Craig Robinson, a former political director of the Iowa Republican Party, said that although Romney has improved on the stump, "everything seems forced.”
“There’s almost some sort of force field between you and him, but you can’t break through it if you want to,” said Robinson, who is not affiliated with any candidate this year. However, “I really will agree that he’s better” than in 2008.
“The easiest thing to notice is that I have yet to see Romney wear a suit in the time he’s been in Iowa,” Robinson said, noting that Romney has replaced his trademark investment banker look with jeans and window-pane checked shirts.
Analysts say that developing a personal connection with voters is often crucial for presidential candidates.
They note that, for all the optimism surrounding Romney’s campaign this year, his percentage of support in recent polls here ─ about 25 percent ─ is roughly what he received four years ago, when he ran second in the Iowa caucuses to former Arkansas Governor Mike Huckabee.
The analysts cite Democrat Bill Clinton and Republican George W. Bush, two-term presidents during the past two decades, as politicians whose ability to inspire passion among voters helped to carry them to office, and through various crises.
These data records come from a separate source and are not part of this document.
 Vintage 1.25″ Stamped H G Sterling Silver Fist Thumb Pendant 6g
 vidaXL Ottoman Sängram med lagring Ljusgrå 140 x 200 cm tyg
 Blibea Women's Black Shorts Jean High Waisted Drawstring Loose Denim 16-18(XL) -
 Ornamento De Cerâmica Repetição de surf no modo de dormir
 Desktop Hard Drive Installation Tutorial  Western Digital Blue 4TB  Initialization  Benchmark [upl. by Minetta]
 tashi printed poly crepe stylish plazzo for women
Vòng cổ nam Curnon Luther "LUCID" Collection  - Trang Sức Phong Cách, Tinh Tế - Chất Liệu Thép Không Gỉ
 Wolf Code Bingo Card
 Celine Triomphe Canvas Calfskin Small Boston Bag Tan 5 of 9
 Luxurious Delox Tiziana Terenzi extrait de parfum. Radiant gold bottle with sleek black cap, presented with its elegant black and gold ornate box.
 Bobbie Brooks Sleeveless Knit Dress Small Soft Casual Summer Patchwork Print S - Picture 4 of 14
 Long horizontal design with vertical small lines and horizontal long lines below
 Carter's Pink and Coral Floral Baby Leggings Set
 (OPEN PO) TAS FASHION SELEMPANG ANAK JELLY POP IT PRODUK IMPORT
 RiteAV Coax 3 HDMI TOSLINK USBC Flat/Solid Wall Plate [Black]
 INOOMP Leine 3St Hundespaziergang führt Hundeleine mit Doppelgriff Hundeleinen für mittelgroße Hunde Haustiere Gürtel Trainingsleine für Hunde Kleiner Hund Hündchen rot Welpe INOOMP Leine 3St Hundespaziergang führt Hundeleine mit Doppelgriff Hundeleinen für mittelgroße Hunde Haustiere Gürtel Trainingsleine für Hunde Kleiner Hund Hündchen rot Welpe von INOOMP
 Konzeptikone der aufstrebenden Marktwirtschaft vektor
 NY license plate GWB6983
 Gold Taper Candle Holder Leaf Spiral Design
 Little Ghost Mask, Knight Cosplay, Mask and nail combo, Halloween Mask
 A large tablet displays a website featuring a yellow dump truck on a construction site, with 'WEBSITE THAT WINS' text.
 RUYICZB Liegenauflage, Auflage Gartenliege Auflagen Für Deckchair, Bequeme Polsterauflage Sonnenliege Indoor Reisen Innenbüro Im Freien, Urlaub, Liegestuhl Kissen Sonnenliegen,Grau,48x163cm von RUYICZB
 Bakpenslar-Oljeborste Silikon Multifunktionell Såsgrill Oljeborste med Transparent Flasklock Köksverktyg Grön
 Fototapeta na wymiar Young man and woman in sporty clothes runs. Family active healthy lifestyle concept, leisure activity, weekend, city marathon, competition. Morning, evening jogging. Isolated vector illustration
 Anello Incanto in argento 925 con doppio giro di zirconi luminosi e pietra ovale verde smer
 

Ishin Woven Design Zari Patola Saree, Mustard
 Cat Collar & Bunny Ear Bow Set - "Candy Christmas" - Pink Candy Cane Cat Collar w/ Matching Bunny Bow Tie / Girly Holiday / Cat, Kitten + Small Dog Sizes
Obama’s place in history as the nation’s first African-American president can inspire voters, even though the man himself often can seem aloof, analysts say.
Robinson said that although Romney has softened his touch, he is “not even in the same zip code” as Clinton and Bush when it comes to popular appeal.
Not surprisingly, talk of Romney’s issues in connecting with voters is a sensitive subject with his campaign aides.
“The idea that Mitt isn’t comfortable doing retail (politics) is ridiculous,” said David Kochel, Romney’s top aide in Iowa. “He might be better in the boardroom than the beer tent, but he knows how to work a room, and it shows.”
Top Romney adviser Eric Fehrnstrom adds: “I’ve observed Mitt Romney in many settings over the years, and people are drawn to him and feel comfortable in his presence.
“They see in him someone who looks and acts like a leader. What people are hungry for these days is a strong leader who can fix the economy.”
Traces of Gore, Kennedy
As Romney last week began his homestretch sprint to Tuesday’s caucuses, he made eight campaign stops in three days.
The stops ─ in which Romney was relaxed and cheery ─ showed how far he has come as a candidate, and his ongoing challenges.
During an event in Mason City, Iowa, at the indoor artificial recreation of the 1912 town from the Broadway musical and movie “The Music Man,” a boy asked Romney whether running for president is hard.
“If you get the chance to do it, make sure you do it. Win or lose, it’s a good thing to do,” Romney told the assembled crowd, many of whom seemed perplexed by the response.
At a packed diner in Cedar Falls, some reporters overheard Romney joking with a supporter that the best part of running for president is, “You get to hug all the girls and not get in trouble.”
There are traces of former Democratic candidates Al Gore and John Kerry in Romney, who at times displays the apparent aloofness attributed to Gore or the woodenness for which Kerry was known.
And like Gore and Kerry, Romney ─ the son of George Romney, a former Michigan governor, American Motors CEO and Housing and Urban Development secretary ─ can seem awkward trying to identify with middle-class voters whose backgrounds are much less privileged than his own.
At a coffee shop rally in Muscatine, Iowa, this week, Romney, a multimillionaire and founder of an investment firm, told the crowd that he had “lived the American dream.”
What Romney lacks in his ability to connect with the audience, his top surrogate on the campaign trail has in abundance.
Ann Romney, his wife of 42 years, is a savvy, charming and gifted speaker who talks to the crowd with authority and humor. She introduced her husband at every event this week, riffing on their five sons and 16 grandchildren and talking about what a great and reliable man her husband is.
“I can’t wait for him to get the reins on the government,” Ann Romney often says, “and turn America around.”